Before “burkinis” made global headlines, there was China’s “facekini.”
The colorful, full-face mask is still around, on view at crowded Chinese beaches this summer and for sale online.
It came onto the radar of Western news organizations in the summer of 2012. The New York Times published a front-page story by Dan Levin on the phenomenon, with striking photographs from the coastal town of Qingdao by Sim Chi Yin.
In
recent days, people on Twitter and other social media platforms have
mocked the banning of burkinis by dozens of French beachside towns by
asking what French officials would do if Chinese beachgoers showed up
wearing facekinis. The controversy in France
over the banning of the burkini, popular with some Muslim women, by at
least 30 French municipalities, many on the Riviera, has continued to
rage, and a French high court last Friday overturned one town’s ban.
On va leur dire quoi aux touristes chinois qui vont sortir leur cagoule pour ne pas bronzer? #facekini #burkini pic.twitter.com/U4TYxFeU99— Maître Germaine (@MaitreGermaine) Aug. 18, 2016
Chinese
beachgoing women don the facekini to shield themselves from the sun. In
some Asian countries, not only do many women fear wrinkles caused by
ultraviolet rays, but they also want to be as pale as possible.
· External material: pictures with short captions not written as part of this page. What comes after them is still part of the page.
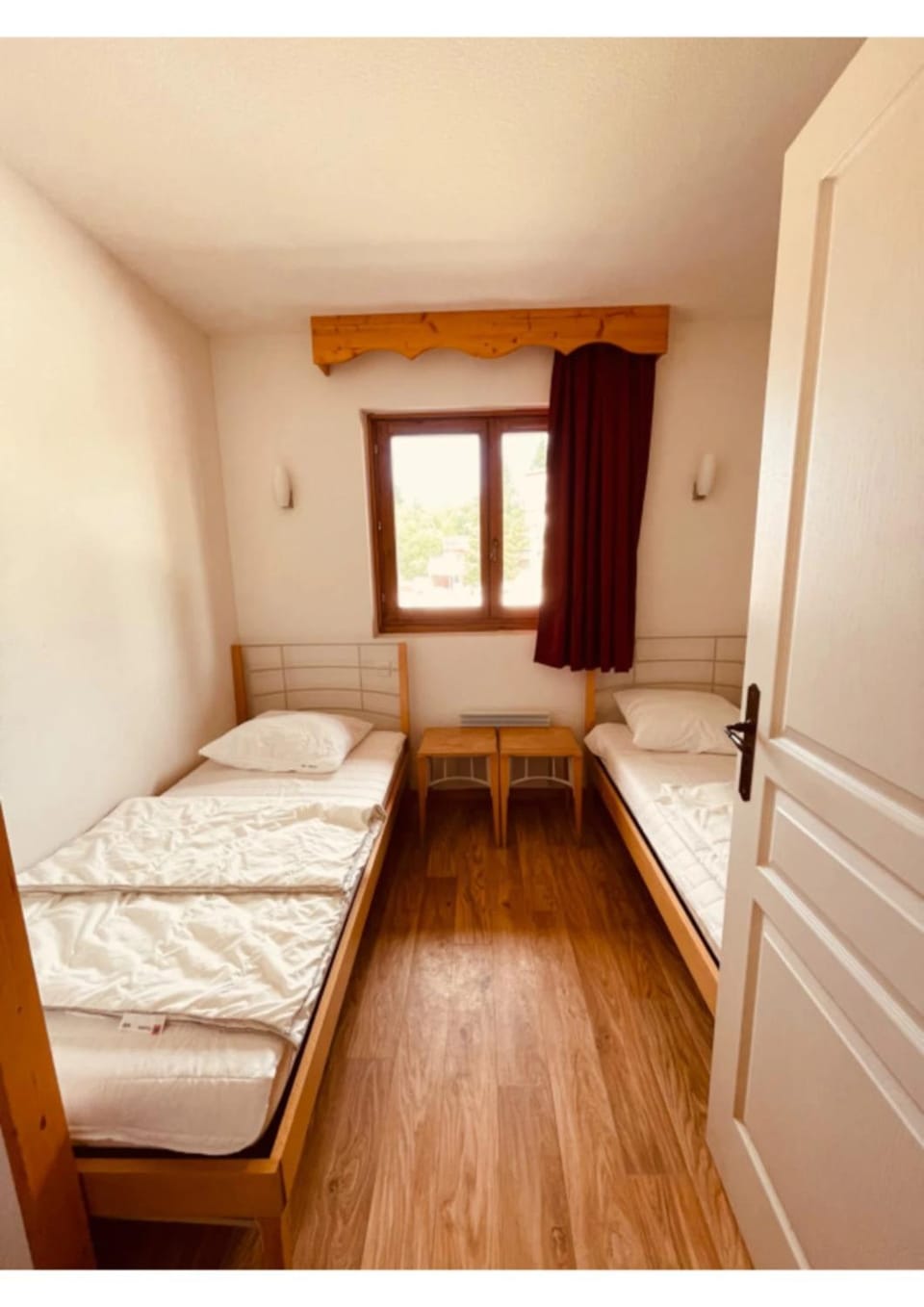 Property building, Living room, Bedroom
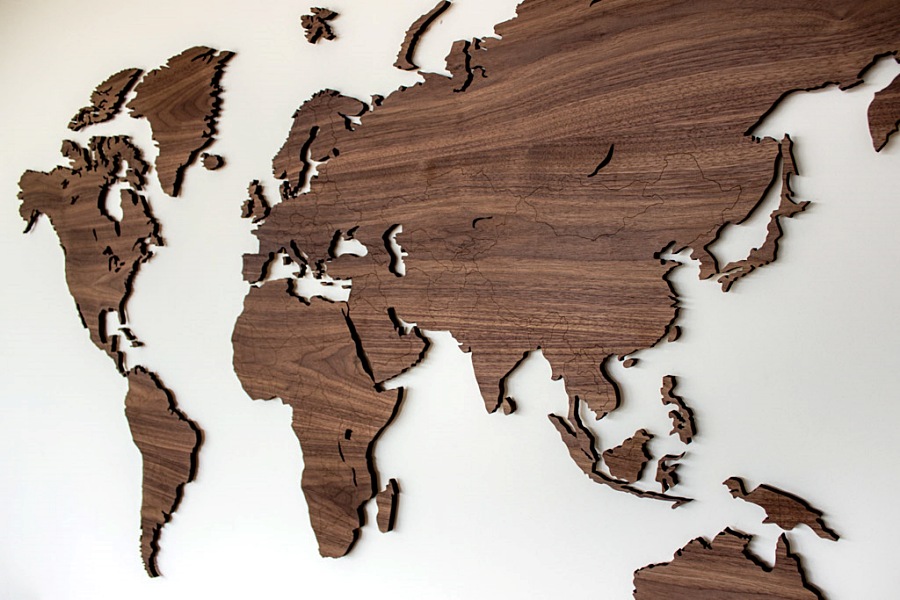 Wooden world map Walnut - Weltkarte aus Holz Nussbaum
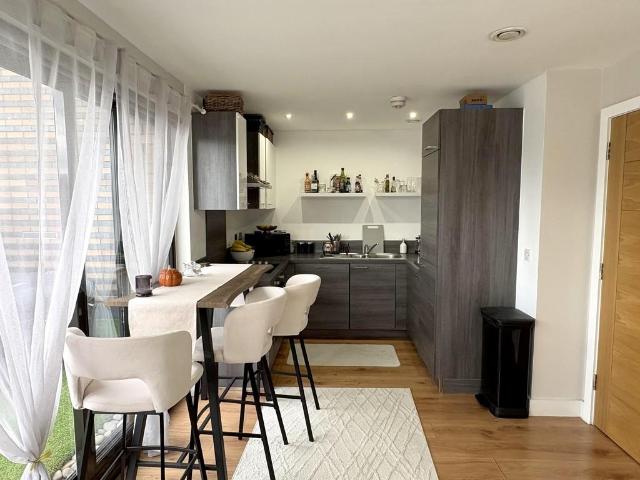 Flat for sale in Georgia, Greater Manchester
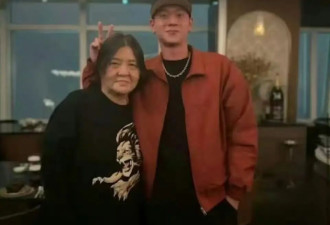 艳星陈宝莲儿子23岁了，养母邱黎宽晒两人合照，以说唱歌手出道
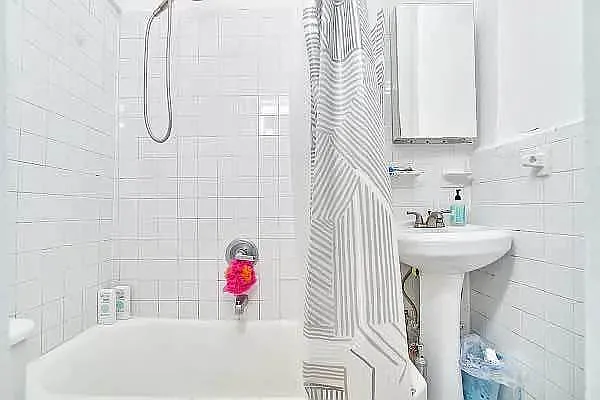 Rented by Living New York | media 11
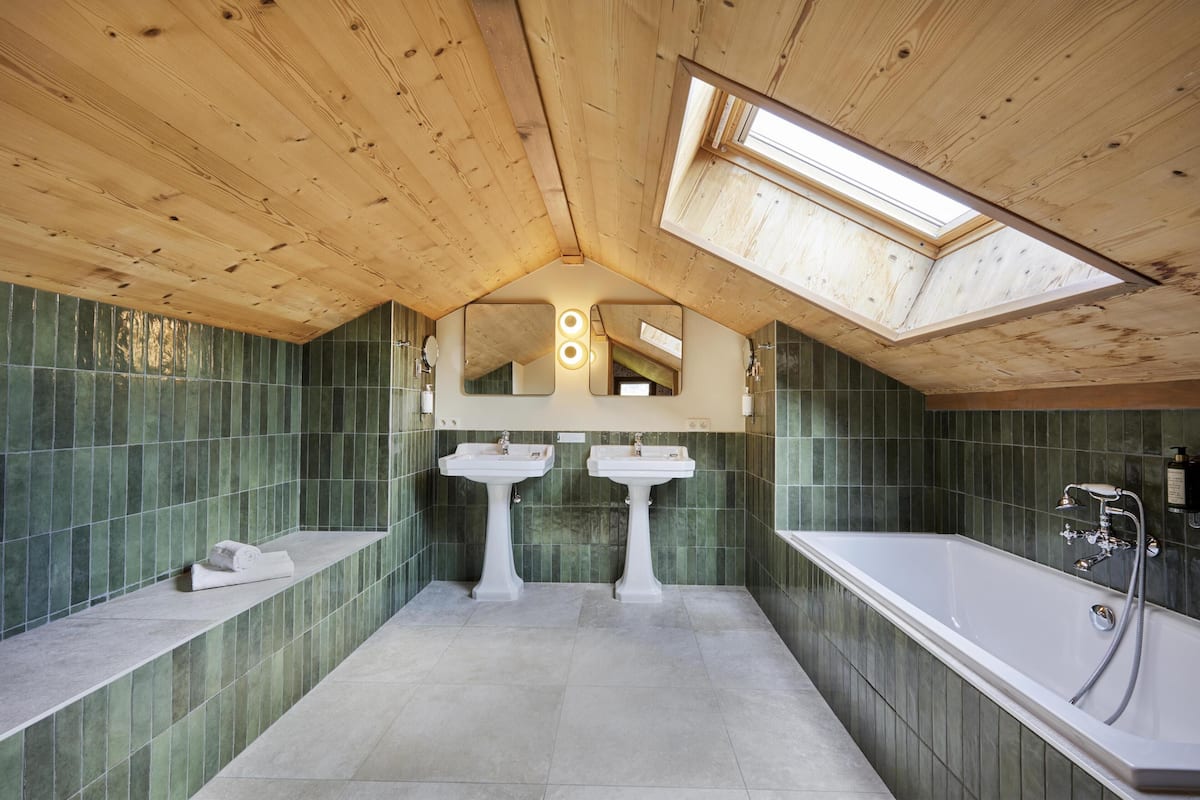 standard apartment, 1 queen bed, balcony, mountain view | bathroom | shower, free toiletries, hair dryer, towels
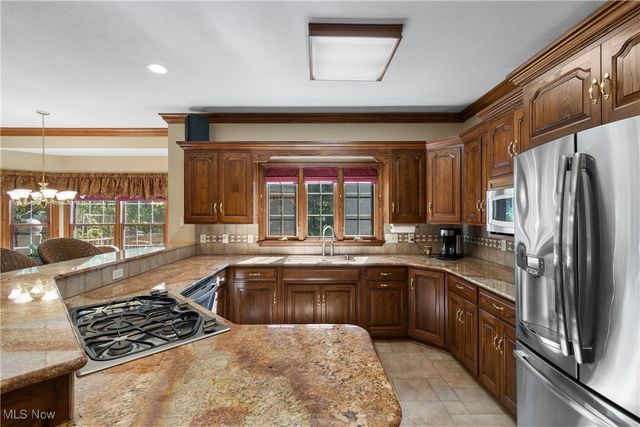 1296 Russell Drive NW, Bolivar, OH 44612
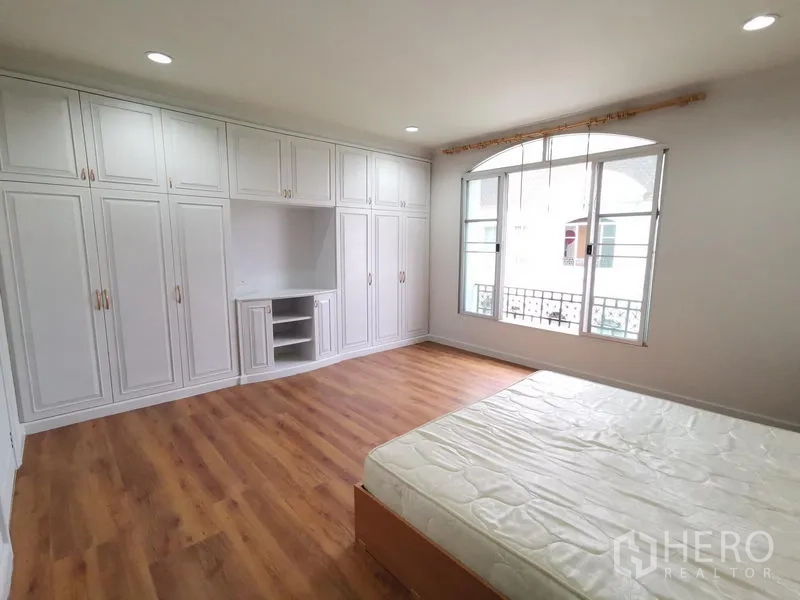 ทาวน์เฮาส์ ให้เช่าในYan Nawa, Bangkok - ห้องนอนมาสเตอร์กว้าง ตู้เสื้อผ้าบิลท์อินเต็มผนัง พื้นไม้ และหน้าต่างบานใหญ่
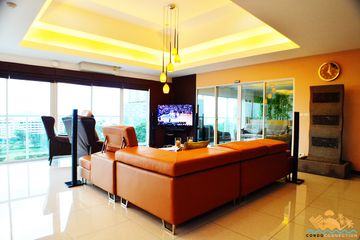 2 Bedroom Condo for sale in Siam Oriental Garden, Nong Prue, Chonburi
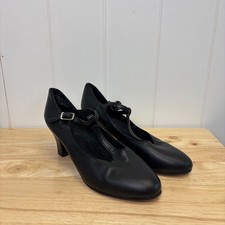 Capezio Womens Classic Ballroom Jazz Dance Shoes Size 6.5 Comfort Performance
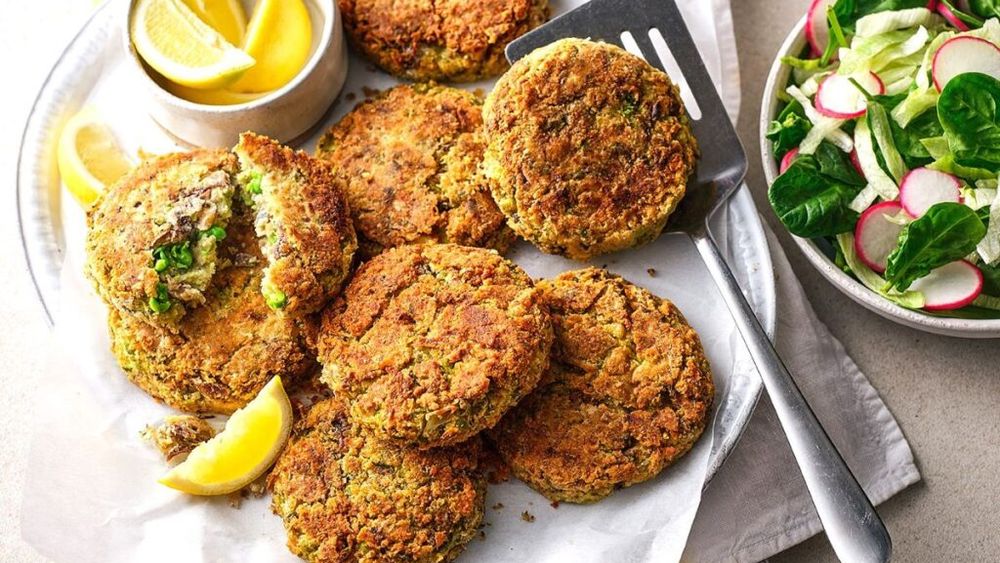 Chiftele din sardine și fasole la conservă, completate cu ceapă verde. O rețetă bună pentru toate mesele zilei, cu aer de primăvară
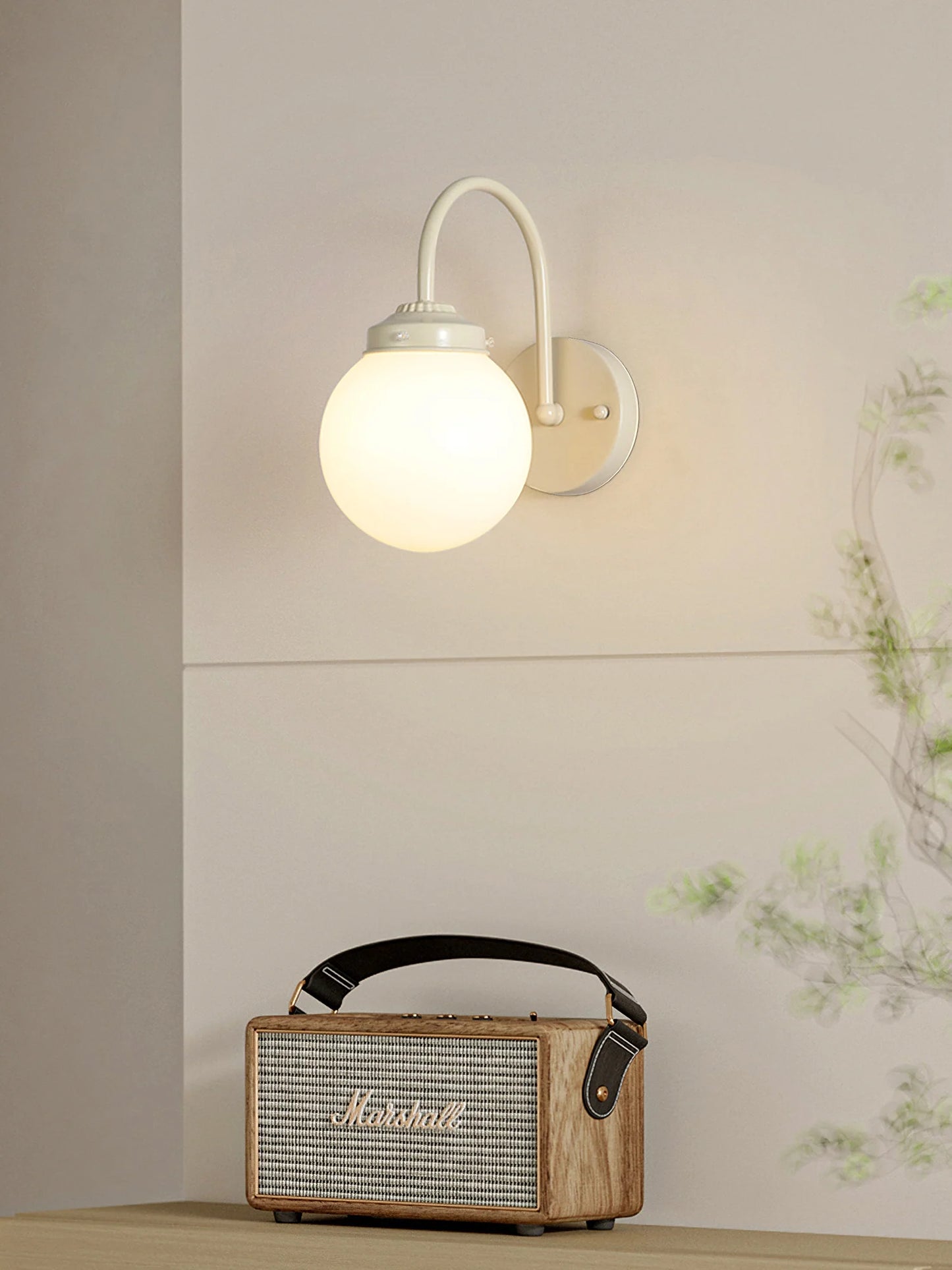 Vanilla Ball Wall Lamp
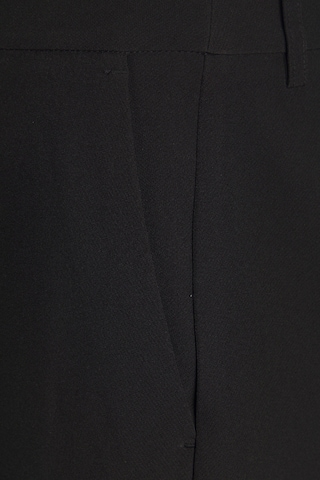 regular Pantaloni con piega frontale di LASCANA in nero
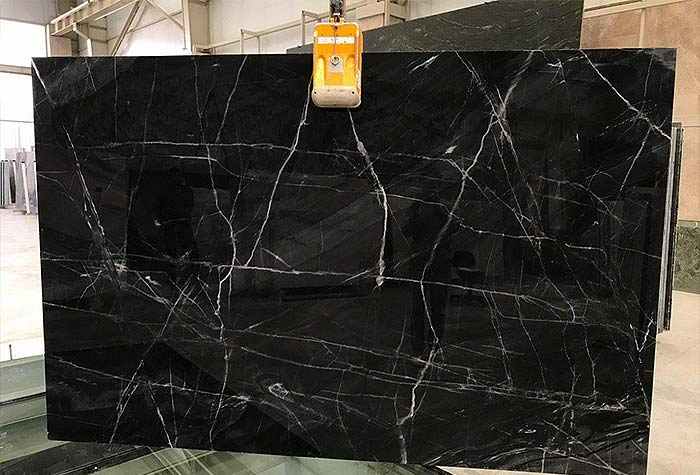 تصویر 2 از سنگ مرمریت مشکی دهبید مناسب پوشش پشت کانتر و میز های کوچک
Skin-whitening creams are popular in Japan, South Korea and Thailand, for example.

Chinese
women who wear facekinis also sometimes wear bathing suits that cover
their entire torsos and arms, similar to the burkini and to the wet
suits common among surfers.
In
2012 at Qingdao, where the facekini is most ubiquitous, one woman
wearing a mask, Yao Wenhua, 58, told The Times, “I’m afraid of getting
dark.”
“A woman should always have fair skin,” she added. “Otherwise people will think you’re a peasant.”
As startling as they may seem in photographs, facekinis are familiar in China. But what about in France?
How would the same officials and police officers who have forced
burkini-clad Muslim women off beaches react to this Chinese outfit?
The burkini ban has gotten a range of reactions from Chinese on social media, but it is not a big topic of conversation.